Victim demographics from Polaris show that 76 percent of victims from all their cases in 2013 are females and 31 percent are minors.

Colorado trafficking is very lucrative. One statistic shows that the average weekly income for a pimp in Denver between 2005 and 2011 was $31,200.

STOP Violence against women

The National Center for Missing and Exploited Children and the U.S. Department of Justice state that somewhere between 100,000 and 300,000 children or trafficked or at risk of being trafficked for commercial sex annually. (In 2010, NCMEC estimated that 100,000 children are commercially sold for sex in the U.S. annually, while the U.S. DOJ estimates that 300,000 children are vulnerable.) This means that since April 16, when 230 schoolgirls were abducted in Nigeria, there have been an estimated 274 to 822 American children sold commercially for sex each day.

Women Engaging Globally

Alice being honored

Alice Borodkin being honored for her activism with Women Engaging Globally

Women Engaging Globally was founded in Denver in 2012 by Alice Borodkin.   Her name is likely familiar, as she served in the Colorado House of Representatives for eight years before being term limited in 2009. Borodkin is a graduate and Flemming Fellow of the Washington, D.C.-based Center for Policy Alternatives and a graduate of the Center for Women Policy Studies Foreign Policy Institute and their Women, Peace and Security Program (which is now an action plan and Executive Order from President Obama).

Borodkin was also the first legislator to bring a bill that totally focused on Human Trafficking. She is the founder and past editor/publisher of Women’s Business Chronicle, a newspaper for and about business for professional women.

Women Engaging Globally is a unique forum featuring discussions about human trafficking, violence against women, reproductive health, peace, and security.

The group and its fight against local human trafficking is a natural extension of her work at the state capitol.  “I carried a lot of bills in the legislature that have to do with women. I was the first woman to ever bring a bill focused on human trafficking. I created a task force to see if it was here in 2005. Once the report came out, the reality of this in our backyard became clear.”

Women Engaging Globally has monthly Colorado town hall meetings as well as a very active social media presence on Facebook and Meetup.com. It also closely monitors what’s happening in the state legislature. Borodkin has been closely watching House Bill 1273 this year as it moved to passage. The bill defines human trafficking to match federal and other state guidelines, establishes a Rape Shield Act protection for victims, repeals defense options for offenders such as the minor consented to involvement, and makes sex trafficking of minors classified as a sex offense against a child. It also compels the Colorado Human Trafficking Council to study the problem and make further recommendations to the legislature.

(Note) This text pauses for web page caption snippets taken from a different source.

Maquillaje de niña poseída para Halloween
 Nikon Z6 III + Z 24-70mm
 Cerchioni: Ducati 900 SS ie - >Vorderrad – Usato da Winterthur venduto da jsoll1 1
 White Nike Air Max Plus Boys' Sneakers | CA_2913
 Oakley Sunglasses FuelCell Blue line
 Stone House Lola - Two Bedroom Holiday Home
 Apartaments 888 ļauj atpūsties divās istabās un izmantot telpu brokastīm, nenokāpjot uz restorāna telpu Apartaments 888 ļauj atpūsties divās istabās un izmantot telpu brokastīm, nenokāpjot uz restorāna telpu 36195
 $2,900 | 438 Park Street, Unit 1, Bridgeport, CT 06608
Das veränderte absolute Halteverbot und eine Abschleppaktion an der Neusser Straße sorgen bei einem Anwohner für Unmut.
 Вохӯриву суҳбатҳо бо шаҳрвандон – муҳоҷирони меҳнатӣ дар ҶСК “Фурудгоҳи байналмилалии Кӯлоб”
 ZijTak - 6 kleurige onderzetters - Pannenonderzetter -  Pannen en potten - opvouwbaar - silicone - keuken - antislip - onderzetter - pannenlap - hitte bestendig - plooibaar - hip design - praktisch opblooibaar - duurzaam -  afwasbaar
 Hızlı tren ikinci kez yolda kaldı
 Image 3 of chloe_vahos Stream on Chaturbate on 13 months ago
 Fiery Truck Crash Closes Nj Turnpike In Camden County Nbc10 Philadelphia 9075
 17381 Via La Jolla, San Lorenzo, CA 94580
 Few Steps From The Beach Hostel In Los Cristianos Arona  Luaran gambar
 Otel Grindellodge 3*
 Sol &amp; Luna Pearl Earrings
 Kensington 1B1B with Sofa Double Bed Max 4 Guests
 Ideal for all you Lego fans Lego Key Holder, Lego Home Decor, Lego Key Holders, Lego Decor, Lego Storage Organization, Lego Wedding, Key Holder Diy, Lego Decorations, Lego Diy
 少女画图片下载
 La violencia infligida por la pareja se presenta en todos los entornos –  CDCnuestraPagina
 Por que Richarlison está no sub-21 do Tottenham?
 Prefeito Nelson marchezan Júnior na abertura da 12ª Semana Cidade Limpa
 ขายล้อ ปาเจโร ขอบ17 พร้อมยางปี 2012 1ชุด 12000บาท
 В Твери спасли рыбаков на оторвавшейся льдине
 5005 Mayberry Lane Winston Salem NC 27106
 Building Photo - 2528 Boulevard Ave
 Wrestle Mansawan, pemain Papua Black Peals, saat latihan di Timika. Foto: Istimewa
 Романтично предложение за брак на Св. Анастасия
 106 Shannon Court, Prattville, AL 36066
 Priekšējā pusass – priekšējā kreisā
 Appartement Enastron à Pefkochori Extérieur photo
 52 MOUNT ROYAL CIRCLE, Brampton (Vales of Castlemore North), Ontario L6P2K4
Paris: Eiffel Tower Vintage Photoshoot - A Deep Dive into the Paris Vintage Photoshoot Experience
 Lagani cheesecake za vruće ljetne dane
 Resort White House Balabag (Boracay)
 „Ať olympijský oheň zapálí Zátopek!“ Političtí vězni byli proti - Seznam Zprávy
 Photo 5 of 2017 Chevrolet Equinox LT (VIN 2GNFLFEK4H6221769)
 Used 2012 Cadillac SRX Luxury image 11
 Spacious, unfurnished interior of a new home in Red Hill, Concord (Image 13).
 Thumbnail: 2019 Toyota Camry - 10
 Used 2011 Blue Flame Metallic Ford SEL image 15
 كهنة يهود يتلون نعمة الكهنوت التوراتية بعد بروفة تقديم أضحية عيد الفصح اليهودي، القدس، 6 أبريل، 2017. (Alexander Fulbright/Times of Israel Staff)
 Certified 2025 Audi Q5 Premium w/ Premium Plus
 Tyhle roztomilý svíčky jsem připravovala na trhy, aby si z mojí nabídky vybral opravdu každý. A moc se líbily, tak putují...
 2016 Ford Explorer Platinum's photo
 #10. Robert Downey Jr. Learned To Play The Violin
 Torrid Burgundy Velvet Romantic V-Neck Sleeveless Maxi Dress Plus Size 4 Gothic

People do not realize that when I say your kids are in jeopardy, they are.

Borodkin says she’s seen evidence of trafficking just up the street from her home. “It’s here and it’s very common,” she says. “People do not realize that when I say your kids are in jeopardy, they are. Foster kids, kids not happy at home, they get picked up. Traffickers compliment them, and boom, they’re gone, working truck stops, working state to state.  Or a fast spa pops up in a neighborhood and they’re working there.”

In Borodkin’s case, she says a spa up the street in a small mall appeared but then disappeared months later, almost certainly a front for trafficking. Borodkin says, “No one knew the massage parlor was a front for human trafficking, including me. It was closed in a sting operation that raided 16 other massage parlors in Denver.”

Why They Need Your Help

Why can’t sex and labor trafficking victims leave? Traffickers spin a complex web of coercion and circumstances to make sure they can’t.  If they’re flown in from overseas with the promise of a legitimate job, all their identification and travel papers will be taken from them. Most victims are isolated from everyone.

Many victims are given money and taken to Black Hawk or Central City and lose it, only to be told they now have to work to pay off the debt. In some cases, they are plied with drugs.  In other cases, the threat is much more direct, being told if they escape, all their family members will be murdered.

Imagine if you were in this situation, knew no one, had no place to go, had no idea what to do, didn’t trust authority, had lost your identity, and were mentally and physically beaten.

This is why the victims still out there today need modern gladiators’ help.

What to Look For

Actively looking and listening in a situation may show you the signs of trafficking. Women Engaging Globally and its partner organizations say these are some of the things to look for in sex trafficking:

  • Women who are never left alone
  • A situation that looks suspicious, perhaps a younger girl with an older man
  • People with no form of identification
  • People together who aren’t interacting in a normal way
  • For young girls in local schools in Colorado, they at first dress simply but suddenly have expensive electronics, nice clothes, and heavy makeup
  • Girls who miss a lot of school with no explanation
  • Very withdrawn behavior
  • A younger girl becomes more distant from family and a male stranger cuts her off from her family and friends

Labor trafficking is harder to pin down, but here are some of the questions you may want to ask any person you may suspect is a trafficking victim:

  • Are you in control of your personal documents? Who is?
  • Were you recruited for one job and are doing another?
  • Has someone asked you to engage in sexual activity in exchange for anything?
  • Have you been asked to do something for pay that you didn’t want to do?
  • Are you in control of your own money?
  • Do you have a debt you cannot pay off?
  • Are you paid for your work? Or are you paid only in tips?
  • Can you leave anytime if you want?
  • Has anyone threatened to harm you/your family if you leave your job?

How You Can Help

manpower and money are the calls to action

Alice Borodkin says manpower and money are the calls to action—as well as a healthy dose of education.  Get involved with Women Engaging Globally, attend the meetup groups, and learn as much as you can about the issue.

You can also lend your support to the Metropolitan State University Human Trafficking Academic Response Team program. So far, fifty-four survivors of human trafficking in Colorado are being served by the program, which seeks to help survivors regain their independence and pursue an education.  Borodkin says, “These girls need mentors, people to look up to. They need good jobs at excellent companies in Colorado to make them economically stable and independent for the long-term.”

Most importantly, be ready to report anything suspicious.  Always have these phone numbers handy: The National Human Trafficking Hotline number is 1-888-373-7888. CoNEHT’s (Colorado Network to End Human Trafficking) is available at 1-866-455-5075. Both contacts are available 24/7.